**REQUIRED WORK**
Would you copy out the following entries exactly, without any of the pictures?
=======
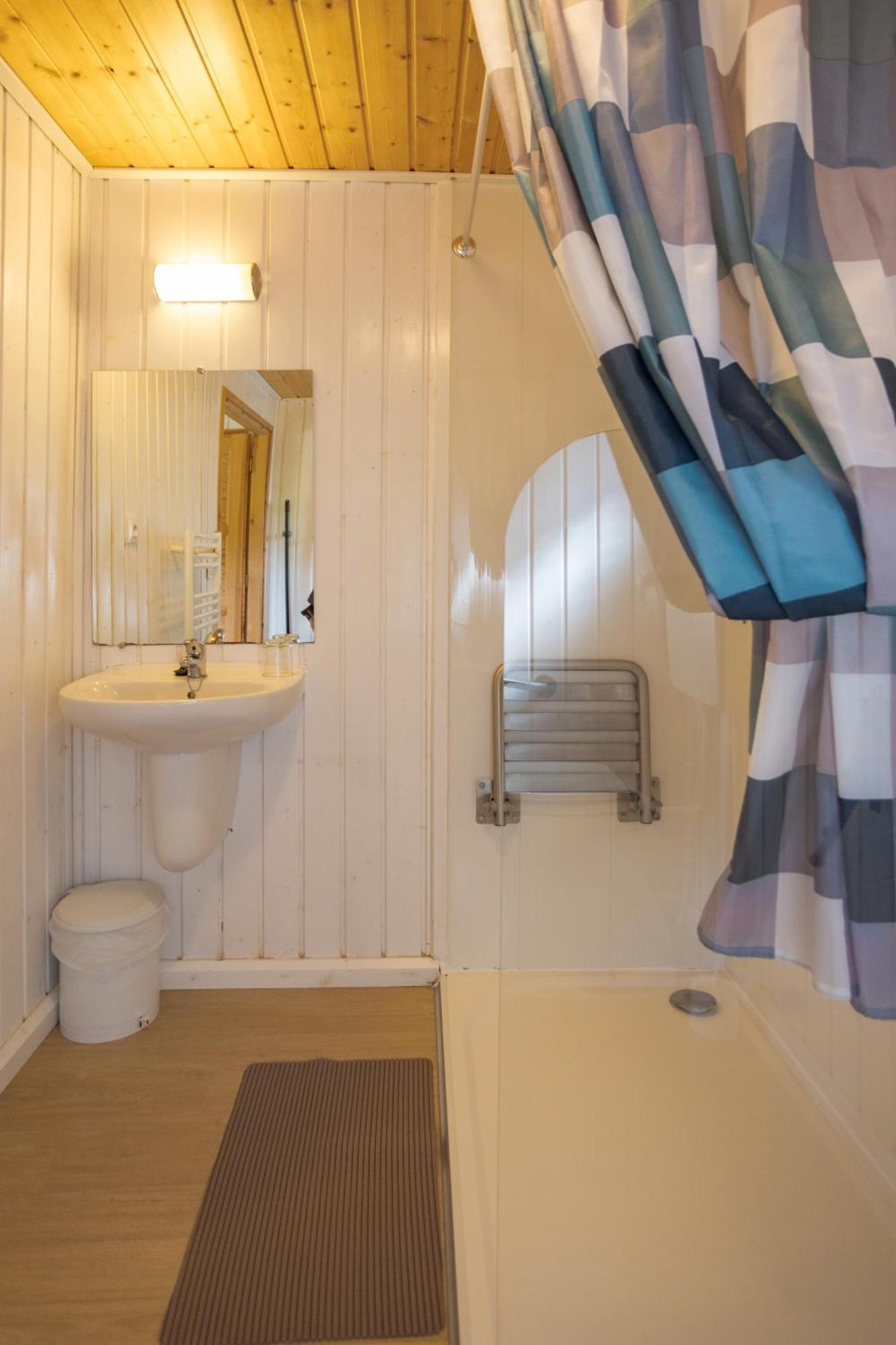Camping Familial Paisible Avec Piscine, Mobil Home , Chalet, Studio & Emplacement Nue Casties-Labrande Экстерьер фото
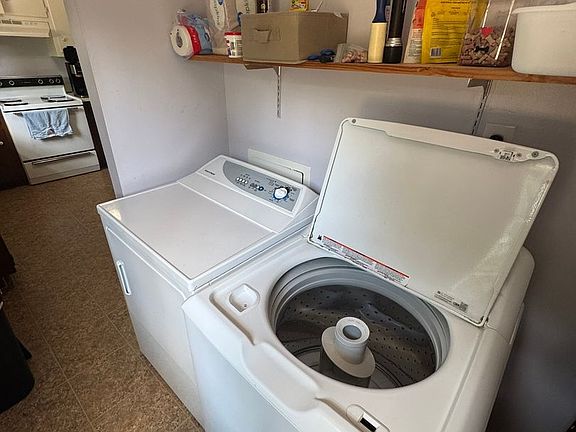 5th image of 4611A Rochambeau Dr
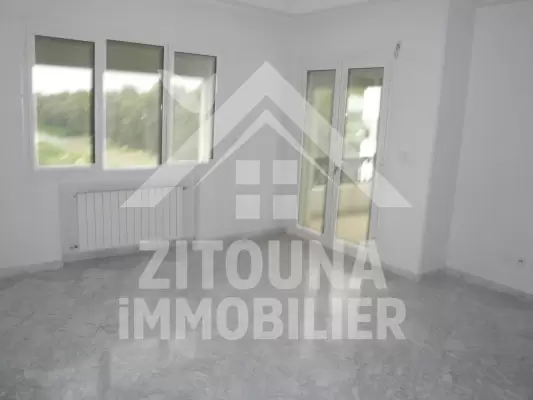 très bel appartement à louer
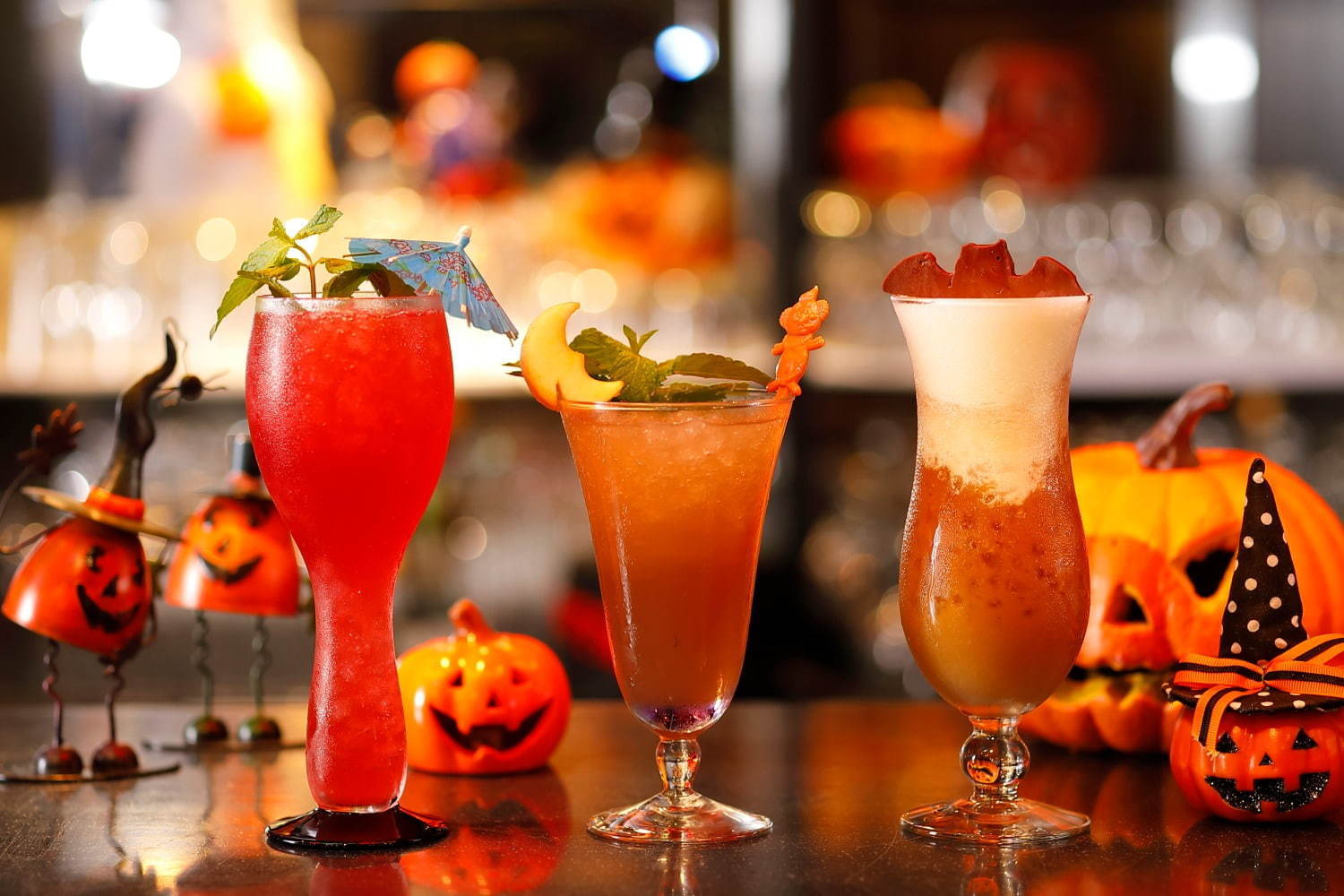 ホテルニューオータニ 東京 ハロウィン限定カクテル、真っ赤な“血の雨”カクテルなど3種 - ファッションプレス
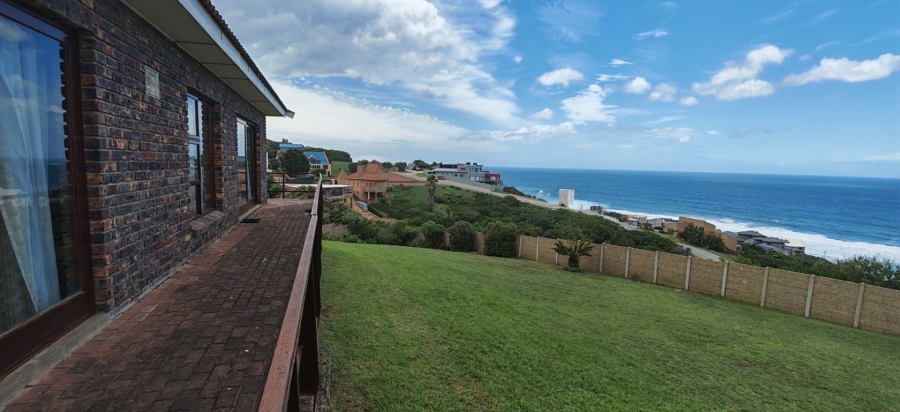 3 Bedroom Property for Sale in Dana Bay Western Cape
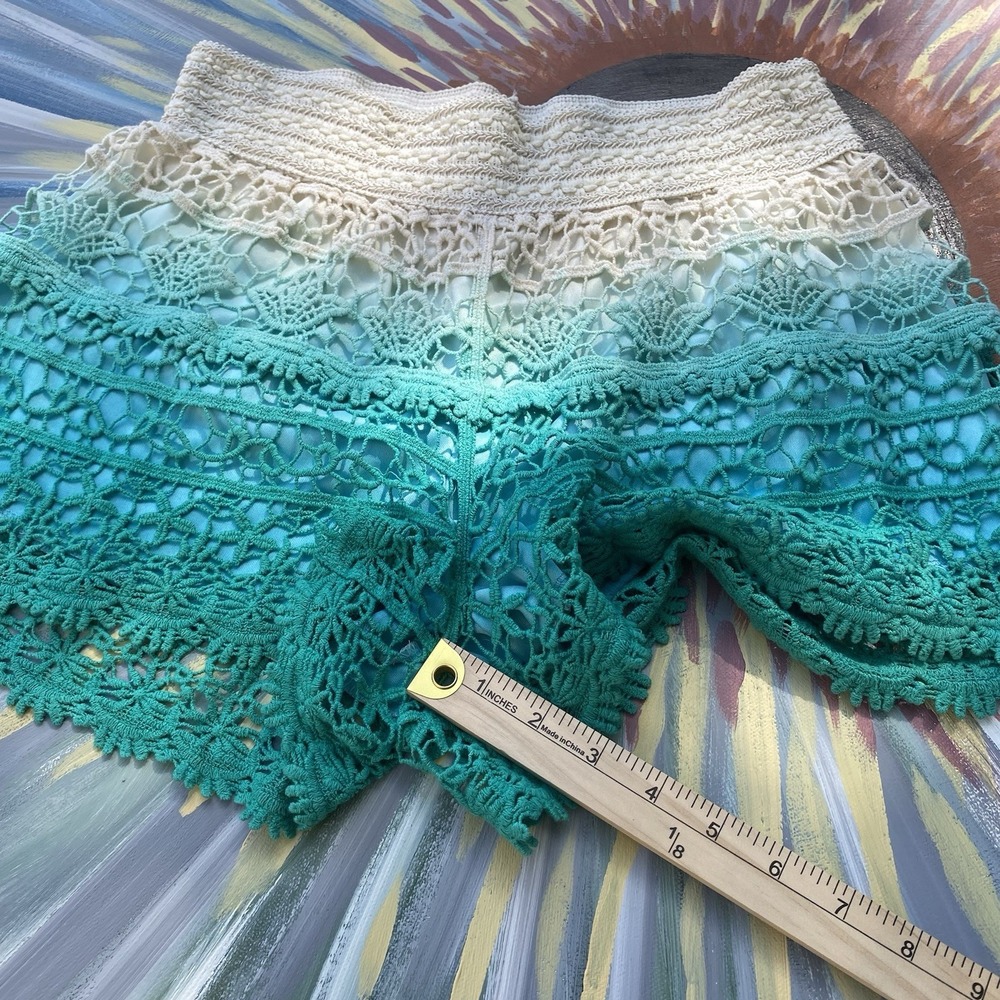 Women's Crochet Lace Lined Shorts L Teal/Cream Ombre - Picture 5 of 6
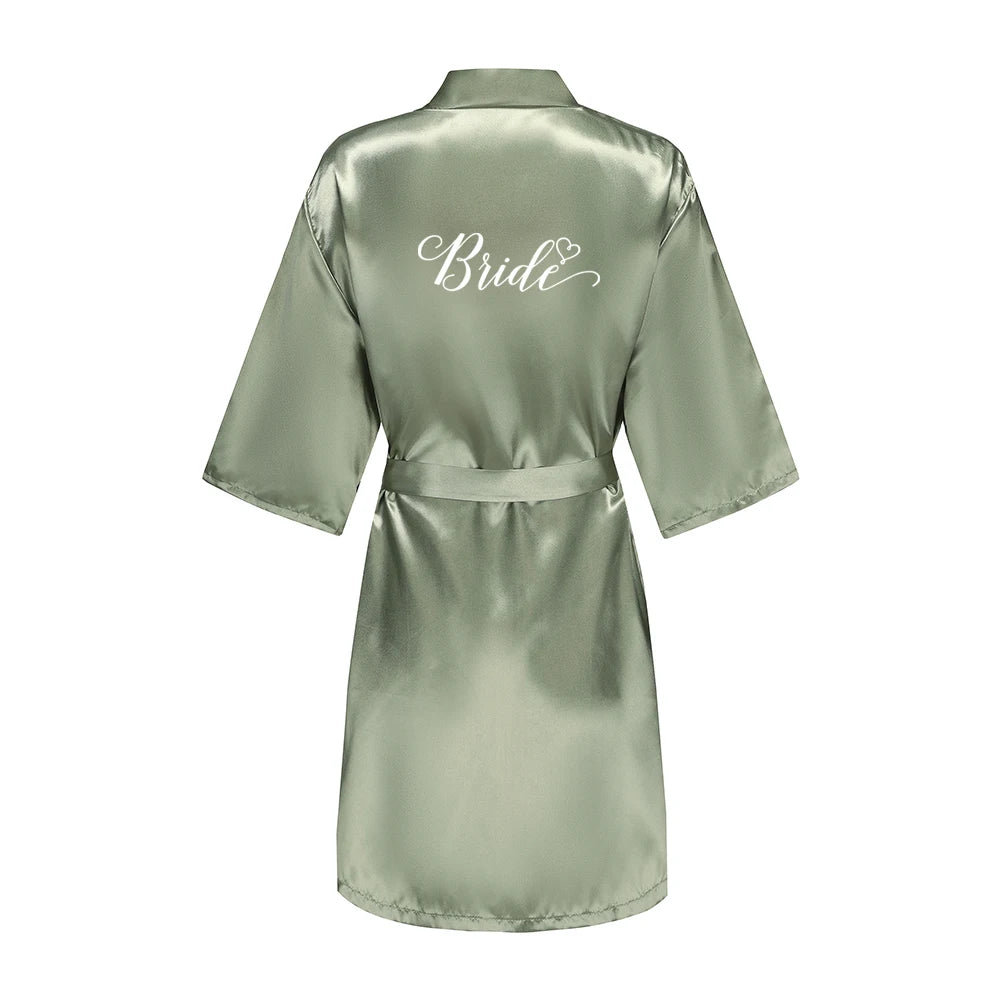 Kimono Mi-long Mariée en Satin Élégant - blanc ou vert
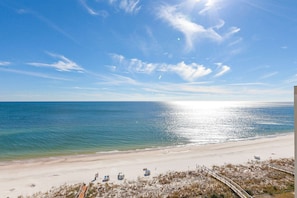 On the beach - Gulf-front condo with pools, hot tub, beach access & views (Perdido Key)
=======
**EXERCISE OUTPUT**
Camping Familial Paisible Avec Piscine, Mobil Home , Chalet, Studio & Emplacement Nue Casties-Labrande Экстерьер фото
 5th image of 4611A Rochambeau Dr
 très bel appartement à louer
 ホテルニューオータニ 東京 ハロウィン限定カクテル、真っ赤な“血の雨”カクテルなど3種 - ファッションプレス
 3 Bedroom Property for Sale in Dana Bay Western Cape
 Women's Crochet Lace Lined Shorts L Teal/Cream Ombre - Picture 5 of 6
 Kimono Mi-long Mariée en Satin Élégant - blanc ou vert
 On the beach - Gulf-front condo with pools, hot tub, beach access & views (Perdido Key)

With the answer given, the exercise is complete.